Required action> Beneath this instruction is a block of data; output from it exactly the lines that run from the one containing "Buildings on Baltimore" through the one containing "Hide-In Old Manali Hotel Екстериор снимка", inclusive.
#####
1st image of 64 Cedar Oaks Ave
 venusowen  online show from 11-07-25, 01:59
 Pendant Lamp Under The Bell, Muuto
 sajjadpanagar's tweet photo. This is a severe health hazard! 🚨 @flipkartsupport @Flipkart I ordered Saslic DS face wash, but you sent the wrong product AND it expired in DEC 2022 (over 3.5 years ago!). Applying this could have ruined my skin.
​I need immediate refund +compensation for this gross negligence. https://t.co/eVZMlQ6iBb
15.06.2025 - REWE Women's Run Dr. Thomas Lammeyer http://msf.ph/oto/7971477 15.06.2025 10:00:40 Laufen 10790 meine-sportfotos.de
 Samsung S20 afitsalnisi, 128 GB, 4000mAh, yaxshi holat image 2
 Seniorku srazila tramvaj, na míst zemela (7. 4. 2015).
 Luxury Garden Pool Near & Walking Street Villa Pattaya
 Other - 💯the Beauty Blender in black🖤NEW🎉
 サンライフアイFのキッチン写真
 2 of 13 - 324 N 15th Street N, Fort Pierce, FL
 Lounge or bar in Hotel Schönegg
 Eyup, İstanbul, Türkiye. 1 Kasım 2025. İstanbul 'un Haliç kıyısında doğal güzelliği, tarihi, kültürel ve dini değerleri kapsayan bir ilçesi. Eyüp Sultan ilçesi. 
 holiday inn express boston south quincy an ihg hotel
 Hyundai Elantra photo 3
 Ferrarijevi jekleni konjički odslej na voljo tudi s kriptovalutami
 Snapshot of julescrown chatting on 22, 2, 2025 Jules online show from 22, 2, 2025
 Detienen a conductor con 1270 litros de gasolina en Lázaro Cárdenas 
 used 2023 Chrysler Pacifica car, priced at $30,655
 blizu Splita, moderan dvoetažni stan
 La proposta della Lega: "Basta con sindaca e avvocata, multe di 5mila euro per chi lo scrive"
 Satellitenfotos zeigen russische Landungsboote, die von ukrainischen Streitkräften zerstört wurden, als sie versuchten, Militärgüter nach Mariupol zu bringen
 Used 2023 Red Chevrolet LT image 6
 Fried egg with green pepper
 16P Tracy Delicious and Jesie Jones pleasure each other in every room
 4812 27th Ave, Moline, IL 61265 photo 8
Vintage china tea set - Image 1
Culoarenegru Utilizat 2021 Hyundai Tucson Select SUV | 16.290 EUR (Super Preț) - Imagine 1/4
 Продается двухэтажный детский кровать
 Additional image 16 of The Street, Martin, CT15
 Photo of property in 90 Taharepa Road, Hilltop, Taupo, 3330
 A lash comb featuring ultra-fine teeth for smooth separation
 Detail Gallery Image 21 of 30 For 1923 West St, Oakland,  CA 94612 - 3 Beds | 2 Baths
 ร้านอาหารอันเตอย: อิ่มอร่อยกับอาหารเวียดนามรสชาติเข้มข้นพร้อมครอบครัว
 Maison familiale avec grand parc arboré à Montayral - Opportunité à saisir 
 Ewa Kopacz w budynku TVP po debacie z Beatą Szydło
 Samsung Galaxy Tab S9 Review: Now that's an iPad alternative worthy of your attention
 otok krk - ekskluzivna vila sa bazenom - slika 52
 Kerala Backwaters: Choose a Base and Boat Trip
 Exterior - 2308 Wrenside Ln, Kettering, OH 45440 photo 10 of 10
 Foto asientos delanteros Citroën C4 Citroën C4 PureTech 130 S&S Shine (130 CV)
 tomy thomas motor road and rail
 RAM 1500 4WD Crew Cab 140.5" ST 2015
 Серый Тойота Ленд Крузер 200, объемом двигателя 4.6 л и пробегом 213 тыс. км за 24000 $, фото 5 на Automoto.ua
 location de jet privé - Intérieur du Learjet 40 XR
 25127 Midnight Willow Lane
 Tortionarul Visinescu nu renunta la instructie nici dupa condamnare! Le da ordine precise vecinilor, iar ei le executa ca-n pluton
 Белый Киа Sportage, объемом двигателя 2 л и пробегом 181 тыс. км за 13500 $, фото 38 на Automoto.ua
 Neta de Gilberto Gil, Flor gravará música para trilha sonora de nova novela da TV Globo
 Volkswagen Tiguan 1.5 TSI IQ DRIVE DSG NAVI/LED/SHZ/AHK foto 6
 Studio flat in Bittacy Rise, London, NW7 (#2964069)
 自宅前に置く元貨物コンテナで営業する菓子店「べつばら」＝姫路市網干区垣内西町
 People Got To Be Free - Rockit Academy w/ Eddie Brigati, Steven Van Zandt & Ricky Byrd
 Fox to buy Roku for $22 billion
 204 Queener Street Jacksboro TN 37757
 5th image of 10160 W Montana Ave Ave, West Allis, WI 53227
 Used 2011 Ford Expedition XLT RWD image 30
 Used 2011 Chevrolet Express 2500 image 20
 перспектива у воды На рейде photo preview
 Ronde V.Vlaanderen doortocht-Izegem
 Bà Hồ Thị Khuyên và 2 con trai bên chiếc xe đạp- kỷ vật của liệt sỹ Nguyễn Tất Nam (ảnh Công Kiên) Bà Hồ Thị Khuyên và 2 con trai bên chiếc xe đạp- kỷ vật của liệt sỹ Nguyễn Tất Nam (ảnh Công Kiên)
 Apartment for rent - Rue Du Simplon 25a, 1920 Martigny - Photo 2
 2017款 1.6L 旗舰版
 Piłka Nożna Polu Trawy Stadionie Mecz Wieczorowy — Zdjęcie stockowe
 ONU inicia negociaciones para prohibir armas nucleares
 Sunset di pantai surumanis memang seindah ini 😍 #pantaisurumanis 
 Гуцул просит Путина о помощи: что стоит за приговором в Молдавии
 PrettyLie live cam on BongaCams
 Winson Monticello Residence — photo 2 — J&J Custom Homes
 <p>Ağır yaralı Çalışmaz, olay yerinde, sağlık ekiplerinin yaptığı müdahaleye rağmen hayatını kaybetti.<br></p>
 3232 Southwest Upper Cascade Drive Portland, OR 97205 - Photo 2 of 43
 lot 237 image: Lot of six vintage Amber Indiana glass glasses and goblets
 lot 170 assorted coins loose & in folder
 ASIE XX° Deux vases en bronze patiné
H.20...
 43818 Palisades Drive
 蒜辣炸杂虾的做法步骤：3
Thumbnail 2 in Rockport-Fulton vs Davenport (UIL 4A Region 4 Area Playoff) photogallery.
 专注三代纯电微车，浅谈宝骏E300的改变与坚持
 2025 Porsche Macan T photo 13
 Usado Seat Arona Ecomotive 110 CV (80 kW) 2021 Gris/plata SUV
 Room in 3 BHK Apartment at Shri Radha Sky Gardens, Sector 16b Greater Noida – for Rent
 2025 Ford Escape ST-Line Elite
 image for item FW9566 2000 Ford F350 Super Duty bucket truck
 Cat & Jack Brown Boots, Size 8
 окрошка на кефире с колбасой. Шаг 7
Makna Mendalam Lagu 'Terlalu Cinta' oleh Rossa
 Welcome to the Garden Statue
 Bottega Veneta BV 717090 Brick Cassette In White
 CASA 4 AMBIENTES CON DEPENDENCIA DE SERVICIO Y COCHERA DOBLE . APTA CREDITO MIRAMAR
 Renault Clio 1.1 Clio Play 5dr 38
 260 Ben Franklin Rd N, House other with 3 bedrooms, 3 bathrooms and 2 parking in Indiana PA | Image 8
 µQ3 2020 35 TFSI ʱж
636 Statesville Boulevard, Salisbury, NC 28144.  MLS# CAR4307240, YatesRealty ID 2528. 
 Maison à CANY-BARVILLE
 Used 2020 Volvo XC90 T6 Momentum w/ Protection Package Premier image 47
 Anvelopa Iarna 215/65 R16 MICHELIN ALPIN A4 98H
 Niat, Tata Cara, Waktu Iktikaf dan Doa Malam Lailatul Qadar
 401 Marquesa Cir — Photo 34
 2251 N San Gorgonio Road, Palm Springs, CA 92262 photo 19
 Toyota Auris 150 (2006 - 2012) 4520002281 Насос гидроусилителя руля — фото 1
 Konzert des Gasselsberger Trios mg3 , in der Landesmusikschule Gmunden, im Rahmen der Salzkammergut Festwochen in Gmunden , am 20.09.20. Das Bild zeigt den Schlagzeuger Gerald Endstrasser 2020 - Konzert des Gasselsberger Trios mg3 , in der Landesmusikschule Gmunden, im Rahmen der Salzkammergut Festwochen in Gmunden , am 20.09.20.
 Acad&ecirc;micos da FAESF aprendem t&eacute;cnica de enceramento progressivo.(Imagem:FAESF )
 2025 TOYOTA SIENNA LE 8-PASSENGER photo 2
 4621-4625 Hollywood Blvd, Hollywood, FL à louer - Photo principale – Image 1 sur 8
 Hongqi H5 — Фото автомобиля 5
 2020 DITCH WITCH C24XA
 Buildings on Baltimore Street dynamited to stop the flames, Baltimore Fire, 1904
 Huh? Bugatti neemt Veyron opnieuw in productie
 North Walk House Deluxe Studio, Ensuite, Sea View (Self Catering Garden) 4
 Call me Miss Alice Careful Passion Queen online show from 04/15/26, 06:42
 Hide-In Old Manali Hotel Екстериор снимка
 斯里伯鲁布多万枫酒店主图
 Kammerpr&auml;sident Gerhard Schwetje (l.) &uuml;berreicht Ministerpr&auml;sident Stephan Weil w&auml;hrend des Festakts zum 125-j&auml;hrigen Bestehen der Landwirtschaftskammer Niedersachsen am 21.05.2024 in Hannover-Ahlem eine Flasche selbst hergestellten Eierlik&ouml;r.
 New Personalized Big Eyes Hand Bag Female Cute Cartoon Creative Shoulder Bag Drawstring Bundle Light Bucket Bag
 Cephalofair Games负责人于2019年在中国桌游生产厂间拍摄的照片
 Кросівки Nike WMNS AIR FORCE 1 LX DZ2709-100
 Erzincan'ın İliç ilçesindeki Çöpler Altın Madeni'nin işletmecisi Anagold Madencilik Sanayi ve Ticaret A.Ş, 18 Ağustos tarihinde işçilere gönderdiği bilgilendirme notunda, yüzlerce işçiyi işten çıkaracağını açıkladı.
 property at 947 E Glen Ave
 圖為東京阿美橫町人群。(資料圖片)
#####
Result of the task>
 Buildings on Baltimore Street dynamited to stop the flames, Baltimore Fire, 1904
 Huh? Bugatti neemt Veyron opnieuw in productie
 North Walk House Deluxe Studio, Ensuite, Sea View (Self Catering Garden) 4
 Call me Miss Alice Careful Passion Queen online show from 04/15/26, 06:42
 Hide-In Old Manali Hotel Екстериор снимка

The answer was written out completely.